No hay tampoco un modo más perfecto de dar gracias a Dios por todo lo que es y por sus continuas misericordias para con nosotros: nada en la tierra puede resultar más grato a Dios que el Sacrificio del altar. Cada vez que se celebra la Santa Misa, a causa de la infinita dignidad del Sacerdote y de la Víctima, se repara por todos los pecados del mundo: se trata de la única perfecta y adecuada reparación, a la que debemos unir nuestros actos de desagravio. Es el único sacrificio adecuado que podemos ofrecer los hombres, y a través de él pueden cobrar un valor infinito nuestro quehacer diario, nuestro dolor y nuestras alegrías. La Santa Misa «es realmente el corazón y el centro del mundo cristiano»8. En este Santo Sacrificio «está grabado lo que de más profundo tiene la vida de cada uno de los hombres: la vida del padre, de la madre, del niño, del anciano, del muchacho y de la muchacha, del profesor y del estudiante, del hombre culto y del hombre sencillo, de la religiosa y del sacerdote. De cada uno sin excepción.
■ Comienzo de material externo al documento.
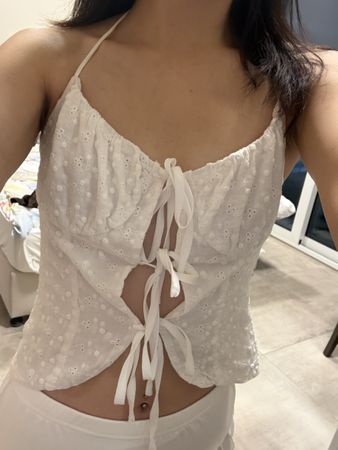 🆕 White Broderie Anglaise Halter Top Size S new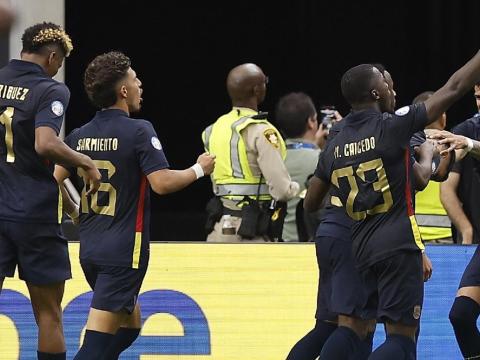 Jugadores de Ecuador festejan el primer gol a Jamaica en la Copa América, el 26 de junio de 2024.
He aquí que la vida del hombre se inserta, mediante la Eucaristía, en el misterio del Dios viviente»9.


Los frutos de cada Misa son infinitos, pero en nosotros se encuentran condicionados por nuestras personales disposiciones y, por ello, limitados.


Nuestra Madre la Iglesia nos invita a participar en el acto más sublime que cada día ocurre, de una forma consciente, activa y piadosa10. De un modo particular hemos de procurar estar atentos y recogidos en el momento de la Consagración; en estos instantes procuraremos penetrar en el alma de quien es a la vez Sacerdote y Víctima, en su amorosa oblación a Dios Padre, como ocurrió en el Calvario. Este Sacrificio será entonces el punto central de nuestra vida diaria, como lo es de toda la liturgia y de la vida de la Iglesia. Nuestra unión con Cristo en el momento de la Consagración será más plena cuanto más lo sea nuestra identificación con la voluntad de Dios, cuanto mayores sean nuestras disposiciones de entrega. En unión con el Hijo ofrecemos al Padre la Santa Misa, y al propio tiempo nos ofrecemos nosotros mismos por Él, con Él y en Él. Este acto de unión debe ser tan profundo y verdadero que penetre todo nuestro día e influya decisivamente en nuestro trabajo, en nuestras relaciones con los demás, en nuestras alegrías y fracasos, en todo.


Si cuando llegue la Comunión Jesús nos encuentra con estas disposiciones de entrega, de identificación amorosa con la voluntad de Dios Padre, ¿qué otra cosa hará sino derramar en nosotros el Espíritu Santo, con todos sus dones y gracias? Tenemos muchas ayudas para vivir bien la Santa Misa. Entre otras, la de los ángeles, que «siempre están allí presentes en gran número para honrar este santo misterio. Juntándonos a ellos y con la misma intención, forzosamente hemos de recibir muchas influencias favorables de esta compañía. Los coros de la Iglesia militante se unen y se juntan con Nuestro Señor, en este divino acto, para cautivar en Él, con Él y por Él, el corazón de Dios Padre, y para hacer eternamente nuestra su misericordia». Acudamos a ellos para evitar las distracciones, y esforcémonos en cuidar con más amor ese rato único en el que estamos participando del Sacrificio de la Cruz.